There are a number of variants to this email, but what is amazing is how the process works.

First, regarding the password, it is a legitimate password belonging to the recipient, but it is likely NOT obtained from hacking any computer, but rather, bought on the dark web as a result of one of the many breaches that we read about on a daily basis.

If you want to see at least some of where your passwords have been breached, go to MONITOR.FIREFOX.COM .  It asks for your email and when you enter it, you will see a report like this:

This data comes from Troy Hunt’s “Have I Been Pwned” database.  Troy has been collecting breach data for about 5 years and his database has about 8 BILLION breach records as of this writing.  All it asks for  is your email address and nothing more, so it will only report on breaches which have been associated with your email address, whether that is the userid that you use to log in with or was just part of the data compromised.
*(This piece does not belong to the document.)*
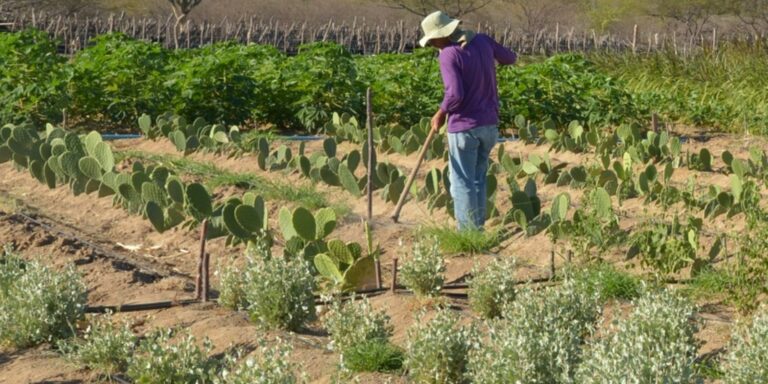 Estudo mostra ganhos necessários para vida digna em áreas do semiárido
The attacker, in many cases, also claims to have video of the recipient engaging in adult sexual activities.  The attacker threatens to share this adult video with your address book.  Nothing is guaranteed, but it is unlikely that the attacker has compromised the recipient’s PC,  did capture a video or has captured the recipient’s address book.  A simple fix to this is covering your camera with a piece of tape (be careful not to get the gooey part on the camera lens or a camera slide cover available at Amazon for a couple of bucks and cover the camera when you are not using it.

More than likely, this is just a classical shakedown that mobsters have been doing for hundreds of years.

But what is more interesting is how this attack works.

The emails do not come from a single email account.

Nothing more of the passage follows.